Given data:
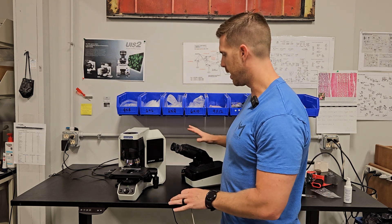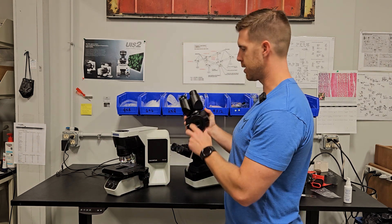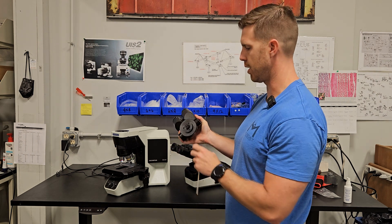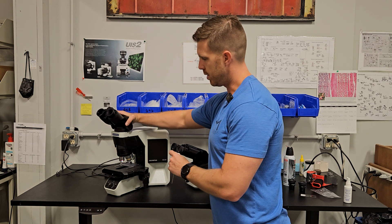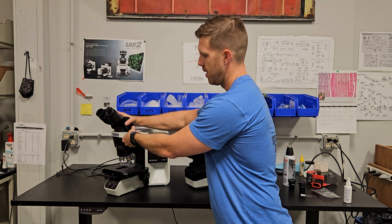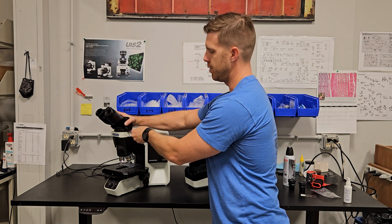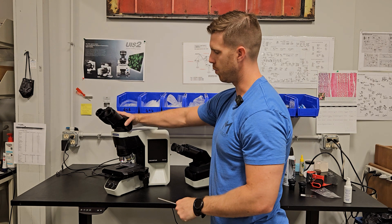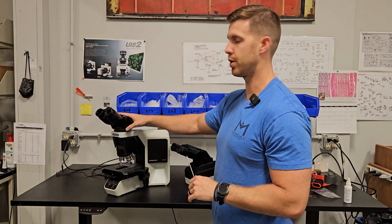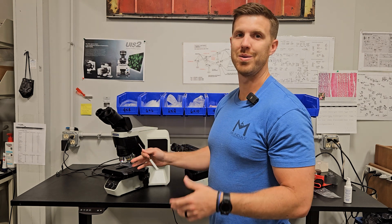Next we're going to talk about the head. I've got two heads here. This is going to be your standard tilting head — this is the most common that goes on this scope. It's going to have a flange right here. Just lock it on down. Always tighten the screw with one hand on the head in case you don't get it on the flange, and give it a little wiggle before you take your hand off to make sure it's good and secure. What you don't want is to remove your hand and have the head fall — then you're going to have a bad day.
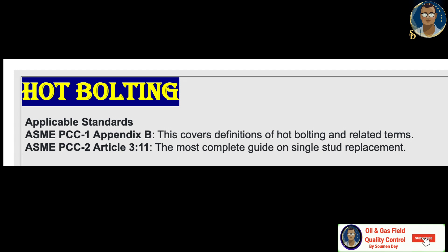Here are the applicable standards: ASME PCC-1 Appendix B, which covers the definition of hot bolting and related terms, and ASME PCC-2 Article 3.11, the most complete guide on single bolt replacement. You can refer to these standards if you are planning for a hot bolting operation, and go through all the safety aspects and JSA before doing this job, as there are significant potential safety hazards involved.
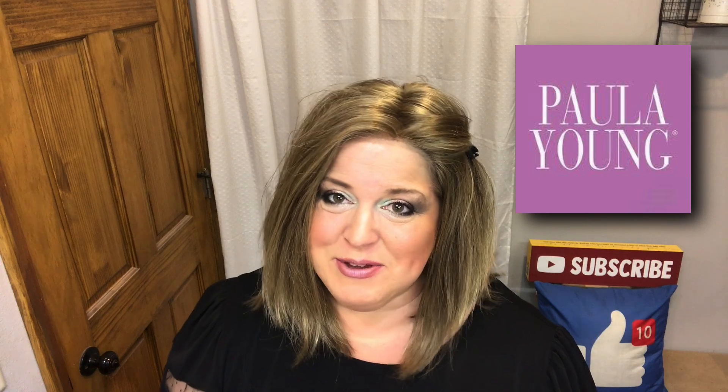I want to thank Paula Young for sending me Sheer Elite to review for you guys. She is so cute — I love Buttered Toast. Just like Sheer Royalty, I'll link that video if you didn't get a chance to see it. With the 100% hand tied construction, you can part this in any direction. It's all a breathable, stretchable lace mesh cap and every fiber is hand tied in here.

Task description: Beginning with the line that contains "Here are the" and ending with the last line of the data above, output those lines exactly and nothing more, without any pictures.

Result of the exercise:
Here are the applicable standards: ASME PCC-1 Appendix B, which covers the definition of hot bolting and related terms, and ASME PCC-2 Article 3.11, the most complete guide on single bolt replacement. You can refer to these standards if you are planning for a hot bolting operation, and go through all the safety aspects and JSA before doing this job, as there are significant potential safety hazards involved.
I want to thank Paula Young for sending me Sheer Elite to review for you guys. She is so cute — I love Buttered Toast. Just like Sheer Royalty, I'll link that video if you didn't get a chance to see it. With the 100% hand tied construction, you can part this in any direction. It's all a breathable, stretchable lace mesh cap and every fiber is hand tied in here.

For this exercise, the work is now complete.